### Recorded data
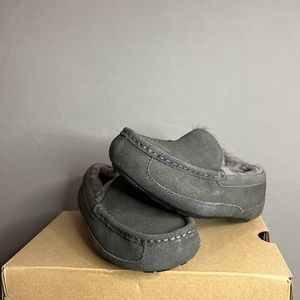 Brand New never worn Kids Size 2 UGG gray Ascot slippers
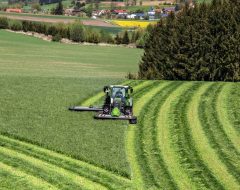 Fendt Slicer working in field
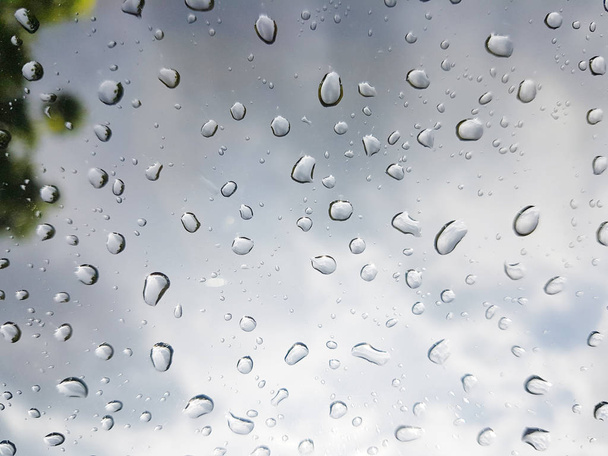 Gota de lluvia en la ventana
 - Foto, Imagen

### Task instructions
Apart from the pictures, every line of the material above is to be returned word for word.

### Exercise solution
 Brand New never worn Kids Size 2 UGG gray Ascot slippers
 Fendt Slicer working in field
 Gota de lluvia en la ventana
 - Foto, Imagen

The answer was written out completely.